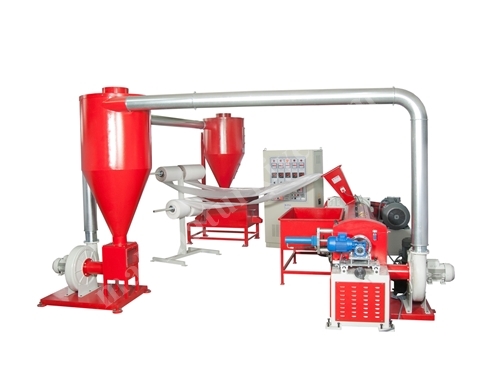 Plastik Geri Dönüşüm Makinası 170 kg/h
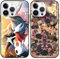 2 Pièces Coque pour Apple iPhone 15 Pro Max 6.7,Noir Silicone Protéger Étui avec Manga Cool Dessin Animé Aesthetic Figurine de Hollow Game Knight Motif Souple TPU Antichoc Housse, Manga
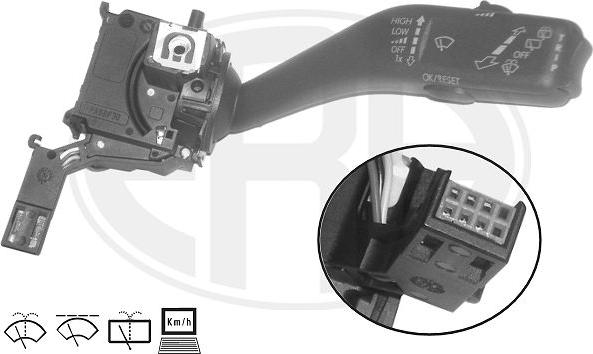 ERA 440550 - Leva devio guida www.autoricambi360.it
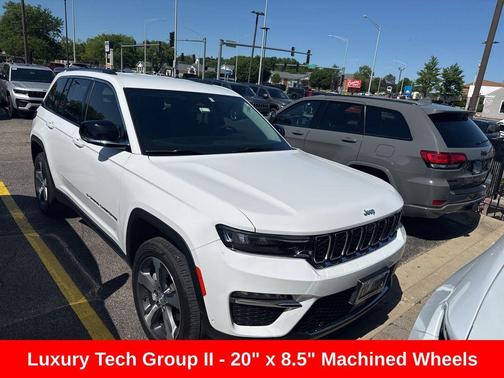 Bright White Clearcoat 2023 Jeep Grand Cherokee Limited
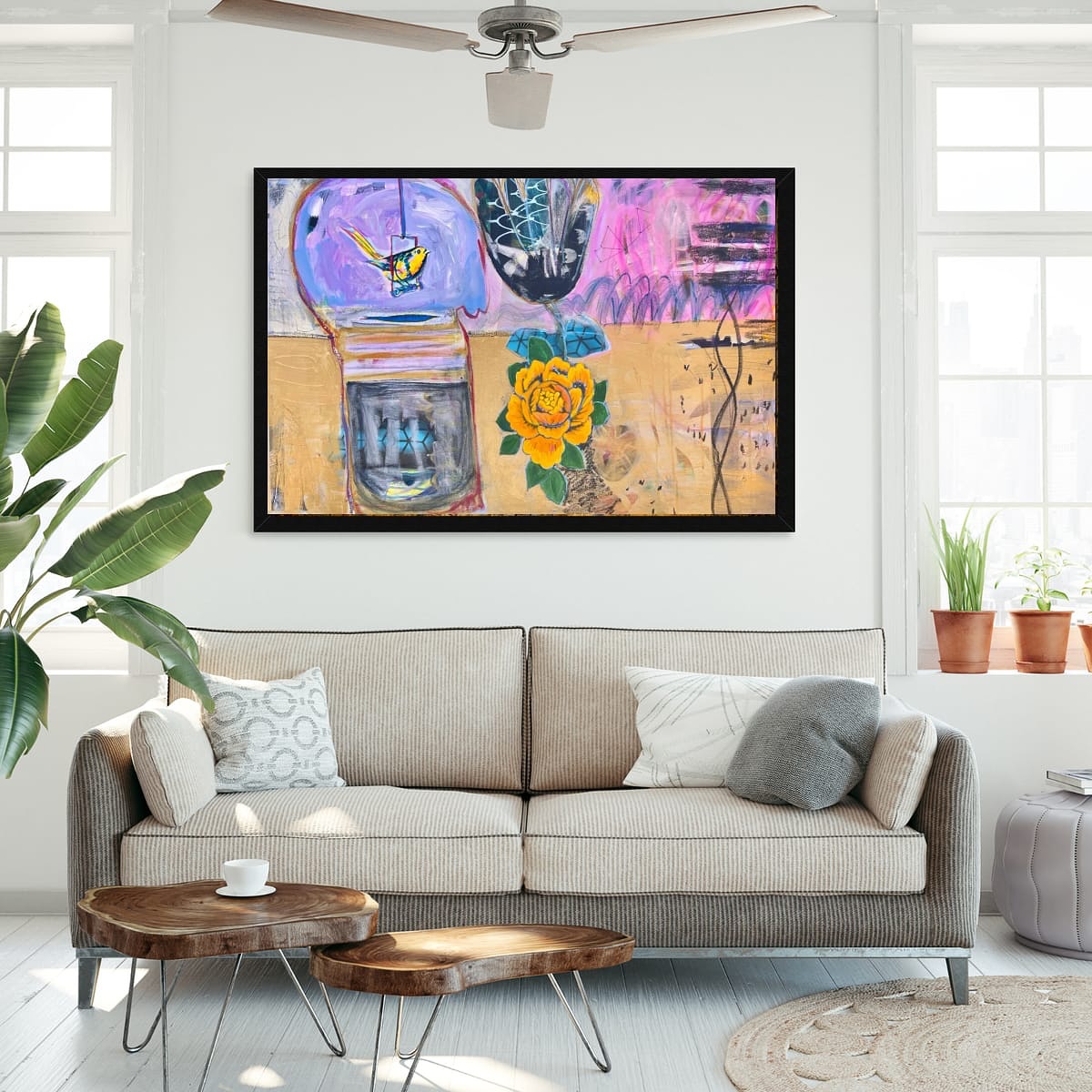 Even better have a room that goes with all your art!! It’s more fun that way!!!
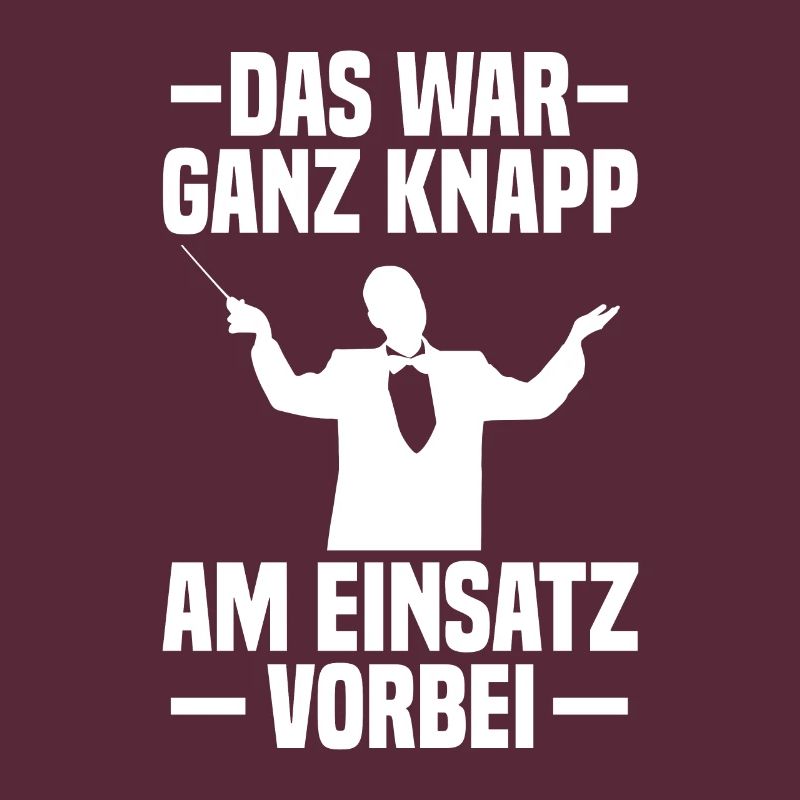 Knapp am Einsatz Dirigent Chorleiter Dirigenten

#### WHAT IS BEING ASKED
Each entry above is to be written out exactly. The pictures stay out.

#### ANSWER BOX
 Plastik Geri Dönüşüm Makinası 170 kg/h
 2 Pièces Coque pour Apple iPhone 15 Pro Max 6.7,Noir Silicone Protéger Étui avec Manga Cool Dessin Animé Aesthetic Figurine de Hollow Game Knight Motif Souple TPU Antichoc Housse, Manga
 ERA 440550 - Leva devio guida www.autoricambi360.it
 Bright White Clearcoat 2023 Jeep Grand Cherokee Limited
 Even better have a room that goes with all your art!! It’s more fun that way!!!
 Knapp am Einsatz Dirigent Chorleiter Dirigenten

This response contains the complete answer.